Тамара, вышедшая следом, долго смотрела ему вслед. И заметила то, чего не видел муж: у Кузьмы тряслись руки. Богатый мужик, кулак, у которого полдеревни в кабале — а руки трясутся, как у парня на первом свидании.
Она не придала этому значения.
Или сделала вид, что не придала.
Жизнь понемногу налаживалась.
Мерин оказался работящим: пахал от зари до зари, не капризничал, тащил плуг даже по тяжёлой глине. Марковы выходили в поле всей семьёй.
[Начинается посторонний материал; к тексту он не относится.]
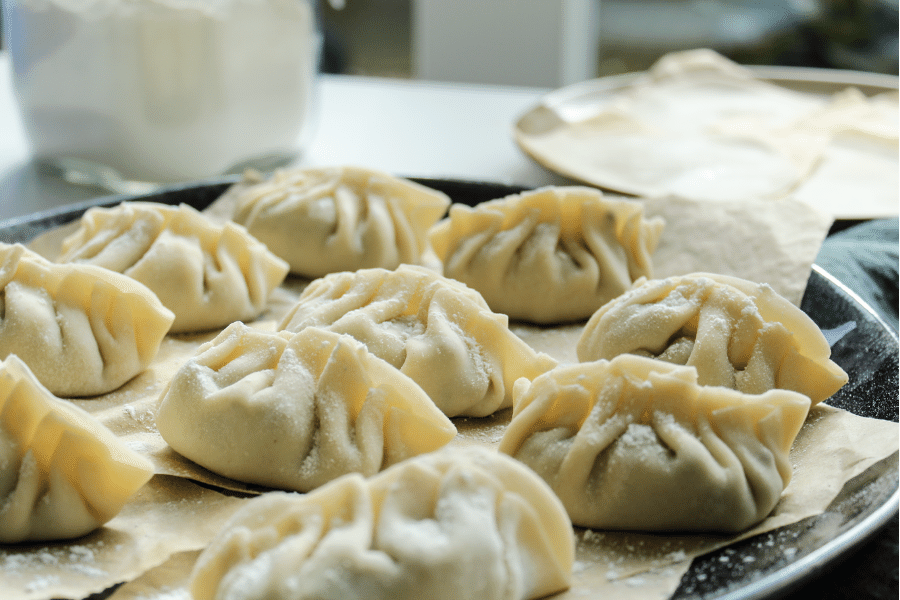 Delicious dumplings on a tray 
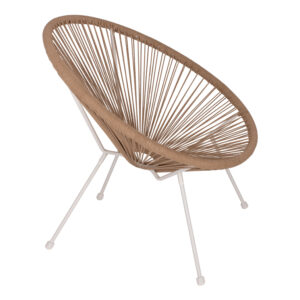 ARMCHAIR ACAPULCO NEST-TYPE WHITE METAL & RATTAN NATURAL HM5871.02 70x73x79 cm.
Никодим шёл за сохой, Аркашка боронил, Тамара с Марусей пололи вручную — на посевной площади, надо было убрать сорняки, пока земля не высохла.
Засуха, которую предсказывала бабка Арина, пока обходила стороной. Ночи стояли холодные, с густыми росами, и это спасало.
Никодим каждое утро щупал землю: сырая.
Значит, жить можно.
Бабка Арина, несмотря на старость, тоже помогала — сидела в избе с прялкой, чинила рубахи, варила крапивные щи. Но иногда, когда Никодим уходил в поле, а Тамара оставалась во дворе доить Красулю, старуха выходила на крыльцо и вглядывалась в дорогу.
— Чего ты выглядываешь, бабаня? — спросила как-то Маруся.
— Так, — ответила Арина.
— Блоху на гребешке. Иди, не мешай.
Но Маруся была не слепая. Она видела, что бабка смотрит в ту сторону, где живёт Кузьма. И ещё она замечала, как мать последние дни то и дело поправляет платок, приглаживает волосы, даже когда никто в гости не идёт.
Женское чутьё — оно страшнее топора.
****
Кузьма пришёл через неделю. Без повода — просто так, с гостинцем. Принёс кусок сала, солёных груздей и медовых сот.
— Сыну моему Егорке, — сказал он, ставя угощение на стол, — полегчало. Не поднялась температура, не горит.
Бабке Арине спасибо.
— Спасибо не носят в кармане, — буркнул Никодим, но сало взял.
Кузьма сел на лавку, спросил про урожай, про лошадь.
Говорил вроде бы с Никодимом, но Маруся заметила, как его взгляд то и дело скользит к Тамаре. Как она стоит у печи, помешивает в чугуне. Как край платка упал на плечо, и на шее видна тонкая бледная кожа.
— Тамара, — вдруг позвал Кузьма, и голос его сел. — А помнишь, как мы в молодости на покосе… ты мне сено ворошила, а я косил?
Тамара вздрогнула, но не обернулась. Никодим замер, не донеся ложку до рта.
— Было, — глухо сказал Никодим. — Давно было. Теперь прошло.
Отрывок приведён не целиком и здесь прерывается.